Increasing awareness of these issues has prompted responses from organizations such as the Academy of Medical Sciences, Wellcome and the Medical Research Council, among others. The British Neuroscience Association, for example, have launched a Manifesto for Credibility in Neuroscience (British Neuroscience Association, 2019), aiming to encourage scientific rigour and support researchers in challenging damaging practices. A crucial feature of this manifesto is training in open science practices: a set of principles and tools that enable transparent, open and reproducible science (see The Centre for Open Science: www.cos.io, see also Wilkinson et al., 2016).
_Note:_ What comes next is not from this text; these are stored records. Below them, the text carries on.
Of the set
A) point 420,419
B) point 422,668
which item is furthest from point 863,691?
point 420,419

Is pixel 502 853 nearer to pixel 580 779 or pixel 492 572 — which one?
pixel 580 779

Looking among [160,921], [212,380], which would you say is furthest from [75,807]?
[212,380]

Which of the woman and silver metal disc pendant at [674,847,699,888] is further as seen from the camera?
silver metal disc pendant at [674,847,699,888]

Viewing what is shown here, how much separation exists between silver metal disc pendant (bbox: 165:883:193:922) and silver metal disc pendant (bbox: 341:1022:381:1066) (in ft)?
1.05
Pre-registration of analysis plans via the open science framework (www.osf.io) or publication of pre-registered reports, enable researchers to pre-define their methodologies, minimizing bias during the research process and, in the case of pre-registered reports, ensuring publication of results regardless of the outcome. Making data or code publicly available via secure repositories is another method of encouraging transparency in the research process, and also enables the validation of empirical work in external samples. Pooling expertise and making resources open and available fosters collaboration by bringing together researchers from different groups within the translational cycle. Platforms such as the open science framework facilitate collaborative project management, and cater for different institutional requirements by offering features such as embargos on public pre-registration documents until project completion, which may be required by industry partners. Upon completion of studies, manuscripts can be uploaded to pre-print servers such as biorXiv, medrXiv or the Wellcome Open Research platform (for those funded by Wellcome), which make manuscripts publicly available (with a citable digital object identifier). Pre-registration also prevents manuscripts from being held up in the publishing pipeline and opens them up to informal public review.
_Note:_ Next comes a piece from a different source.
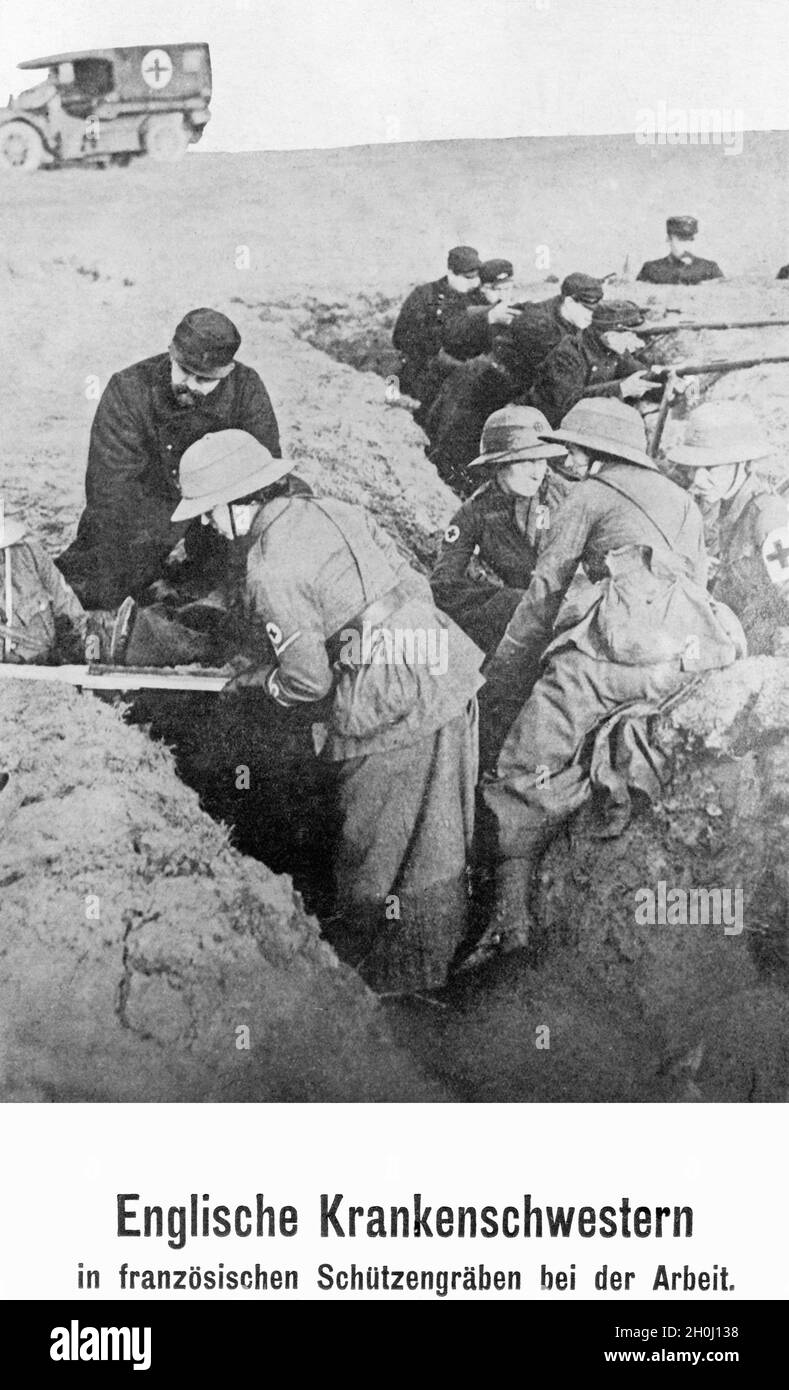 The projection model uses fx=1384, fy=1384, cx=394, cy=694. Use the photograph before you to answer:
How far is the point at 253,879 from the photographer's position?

Funding bodies and research institutions can affect positive shifts in research culture from the top down by incentivizing rigorous scientific practices, committing to open science principles, valuing leadership skills and rewarding positive, supportive research environments in assessment frameworks for funding and career advancement. With this in place, from the bottom up, researchers will be encouraged to embed open principles in their work and utilize their expertise in the translational cycle.
Industry
The translation of academic output into novel therapeutics relies on the investment of time and capital from ‘big pharma’. Pharmaceutical companies are licenced to research, develop, market and distribute drugs. Typically, the process of drug development takes 10–15 years, generally includes a combination of in vitro studies, in vivo studies and clinical trials, and can cost billions of pounds.
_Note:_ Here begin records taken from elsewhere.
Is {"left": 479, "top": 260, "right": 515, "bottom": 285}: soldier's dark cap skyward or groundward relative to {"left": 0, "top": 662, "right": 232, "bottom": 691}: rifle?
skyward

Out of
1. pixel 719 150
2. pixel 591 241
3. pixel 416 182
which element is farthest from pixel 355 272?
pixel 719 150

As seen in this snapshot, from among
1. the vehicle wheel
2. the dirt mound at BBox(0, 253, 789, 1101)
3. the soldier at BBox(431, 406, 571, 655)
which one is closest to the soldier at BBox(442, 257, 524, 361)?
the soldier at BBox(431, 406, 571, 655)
In recent years, venture capital funding has been pouring into biotechnology companies. This has facilitated a thriving biotech research and development culture and, in some cases, has allowed biotech companies to carry out early-phase clinical trials, increasing their value before acquisition by ‘big pharma’. This model of translating research reduces the risk for pharmaceutical companies and allows them to invest in a range of therapeutic strategies and disease areas. The spinal muscular atrophy drug, Spinraza, is an excellent example of how collaboration between academia, biotech and pharma can translate research into life-changing therapies. A deep understanding of the biology of spinal muscular atrophy was developed in academia, in particular at Cold Spring Harbor Laboratory and the University of Massachusetts. Subsequently, Cold Spring Harbor Laboratory and the biotech company Ionis began collaborating to develop the therapy. This led to a partnership between Ionis and the pharmaceutical company Biogen, and in 2015 Biogen acquired an exclusive licence for the drug. Following successful clinical trials, Spinraza was approved by the Food and Drug Administration and the European Medicines Agency as the first drug to treat spinal muscular atrophy.
Unfortunately, neuroscientific clinical trial success stories are few and far between. This has caused pharmaceutical giants such as Pfizer, Bristol-Myers Squibb, GlaxoSmithKline, AstraZeneca and Amgen to steer their pipelines away from neuroscience despite there being a huge unmet clinical need. Nevertheless, others such as Biogen, Takeda, Roche and Johnson & Johnson have maintained an important presence. The withdrawal of these major companies from neuroscience research and development has been a wake-up call for the community. To incentivize future investments, lessons must be learned from previous failed trials. A prevalent theory as to why trials are failing is that there is a lack of understanding of the mechanisms underlying neurological and psychiatric disorders. Perhaps a stronger emphasis on collaboration between industry and academia would ensure that the capital and project development expertise of ‘big pharma’ is coupled with deep biological expertise in academia, and therefore accelerate the understanding of neurological diseases and mental health conditions. Another issue may be that outcomes in clinical trials could be targeted and measured more effectively. To address this, companies such as Roche and Takeda are developing research programmes to collect digital biomarkers, using smartphones and wearable technology, from patients and clinical trial participants. These will provide a more comprehensive and perhaps more sensitive measurement of disease and patient response to treatment.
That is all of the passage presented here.